Instructions for the task: The line with "Wallpaper Ashen Blue", the line with "Cute Raccoon Toy", and all lines between them in the material below: return these exactly, and no others.

Input for this task:
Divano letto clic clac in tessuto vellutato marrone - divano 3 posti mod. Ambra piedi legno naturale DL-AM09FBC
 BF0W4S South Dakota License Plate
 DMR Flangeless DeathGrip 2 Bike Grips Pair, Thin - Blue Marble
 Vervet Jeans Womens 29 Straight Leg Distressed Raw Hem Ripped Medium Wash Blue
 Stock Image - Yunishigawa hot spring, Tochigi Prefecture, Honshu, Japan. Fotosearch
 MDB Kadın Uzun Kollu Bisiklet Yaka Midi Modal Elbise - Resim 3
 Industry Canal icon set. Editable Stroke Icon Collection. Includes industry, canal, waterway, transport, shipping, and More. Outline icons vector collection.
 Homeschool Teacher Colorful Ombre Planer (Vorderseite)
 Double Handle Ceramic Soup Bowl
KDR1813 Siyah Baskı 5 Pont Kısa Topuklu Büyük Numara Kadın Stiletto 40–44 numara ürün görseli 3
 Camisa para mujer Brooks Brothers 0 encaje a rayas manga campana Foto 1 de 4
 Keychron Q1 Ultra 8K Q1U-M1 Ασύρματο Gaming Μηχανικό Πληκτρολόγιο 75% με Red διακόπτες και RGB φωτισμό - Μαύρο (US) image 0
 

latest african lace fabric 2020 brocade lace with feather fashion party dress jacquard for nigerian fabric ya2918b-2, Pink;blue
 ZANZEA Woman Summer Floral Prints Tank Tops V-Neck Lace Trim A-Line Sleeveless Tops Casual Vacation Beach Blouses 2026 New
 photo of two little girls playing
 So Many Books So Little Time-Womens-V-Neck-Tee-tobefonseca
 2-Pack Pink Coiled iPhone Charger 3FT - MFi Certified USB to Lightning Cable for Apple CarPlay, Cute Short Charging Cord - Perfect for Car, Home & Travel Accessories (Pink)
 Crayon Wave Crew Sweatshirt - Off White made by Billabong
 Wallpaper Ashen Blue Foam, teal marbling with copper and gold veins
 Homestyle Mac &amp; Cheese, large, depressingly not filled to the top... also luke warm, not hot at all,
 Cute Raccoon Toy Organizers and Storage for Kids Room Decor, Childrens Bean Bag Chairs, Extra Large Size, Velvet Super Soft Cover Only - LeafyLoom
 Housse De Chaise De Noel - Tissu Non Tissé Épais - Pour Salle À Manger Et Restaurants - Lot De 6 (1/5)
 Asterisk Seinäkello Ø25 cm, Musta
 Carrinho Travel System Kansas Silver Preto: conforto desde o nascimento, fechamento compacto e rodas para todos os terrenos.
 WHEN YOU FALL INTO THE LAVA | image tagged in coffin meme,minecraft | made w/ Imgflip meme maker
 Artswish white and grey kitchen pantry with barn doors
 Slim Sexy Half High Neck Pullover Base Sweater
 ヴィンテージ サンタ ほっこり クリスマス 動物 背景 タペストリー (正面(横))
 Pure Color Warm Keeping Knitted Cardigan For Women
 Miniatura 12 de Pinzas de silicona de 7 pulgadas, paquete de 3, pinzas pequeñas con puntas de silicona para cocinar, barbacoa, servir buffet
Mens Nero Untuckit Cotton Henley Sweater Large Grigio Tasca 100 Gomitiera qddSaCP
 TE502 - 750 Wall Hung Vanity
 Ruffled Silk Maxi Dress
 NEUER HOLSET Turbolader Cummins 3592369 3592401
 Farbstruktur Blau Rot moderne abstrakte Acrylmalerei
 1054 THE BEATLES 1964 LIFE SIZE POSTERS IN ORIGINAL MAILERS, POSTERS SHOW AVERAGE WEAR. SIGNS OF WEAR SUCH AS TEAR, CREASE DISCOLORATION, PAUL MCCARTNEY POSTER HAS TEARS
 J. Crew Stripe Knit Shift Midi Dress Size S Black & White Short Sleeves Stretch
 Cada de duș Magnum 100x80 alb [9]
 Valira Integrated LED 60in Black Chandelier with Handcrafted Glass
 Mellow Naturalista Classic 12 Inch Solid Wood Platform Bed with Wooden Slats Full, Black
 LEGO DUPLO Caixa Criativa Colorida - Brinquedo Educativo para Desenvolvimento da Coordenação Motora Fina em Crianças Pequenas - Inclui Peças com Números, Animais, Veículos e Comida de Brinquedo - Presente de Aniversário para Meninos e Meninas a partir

Exercise response:
 Wallpaper Ashen Blue Foam, teal marbling with copper and gold veins
 Homestyle Mac &amp; Cheese, large, depressingly not filled to the top... also luke warm, not hot at all,
 Cute Raccoon Toy Organizers and Storage for Kids Room Decor, Childrens Bean Bag Chairs, Extra Large Size, Velvet Super Soft Cover Only - LeafyLoom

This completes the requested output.